It was good that Volchy took all this calmly; he sat me down in the sun.

He took the laptops and went to check them in. I was already ready to go to the ticket office and demand a refund for the tickets and not go to the temple.

We went to the temple, and that was very good. Thanks to Volchy for somehow sorting out this situation. I don’t even know. What came over me — I just felt very hurt for some reason.

- We came here so happy. And you got so upset! If you believe in energy, then Chohan drained your energy.

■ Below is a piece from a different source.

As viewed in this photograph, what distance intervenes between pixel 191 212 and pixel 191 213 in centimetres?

- Yes, really, strange, maybe you’re right. I lost a lot of energy communicating with him for some reason. Maybe because I was speaking English all the time….

Day 9, January 17

The temple is worth paying to enter. The ticket price includes an audio guide. And although I didn’t understand everything, it was very interesting. The columns, ceilings, and stone carvings are impressive. The temple itself is not large, but we walked around it for quite a long time, discovering more and more new details.

The temple was built over 50 years, with construction beginning in 1459. What surprised me most was that after the temple was built, it existed for only 200 years, and then the land was conquered.

People left it, and the temple became unwanted by anyone.

Bats, wild animals, and snakes settled in it. Restoration of the temple began only in 1991, and it took a whole 11 years to restore it!

The hotel was located 2 kilometers from the temple. We decided to walk there; the road was very pleasant and quiet, with little trees growing on both sides and the sun shining. Monkeys were sitting in the trees, and peacocks were walking among them.

We had dinner with flatbreads from the hotel.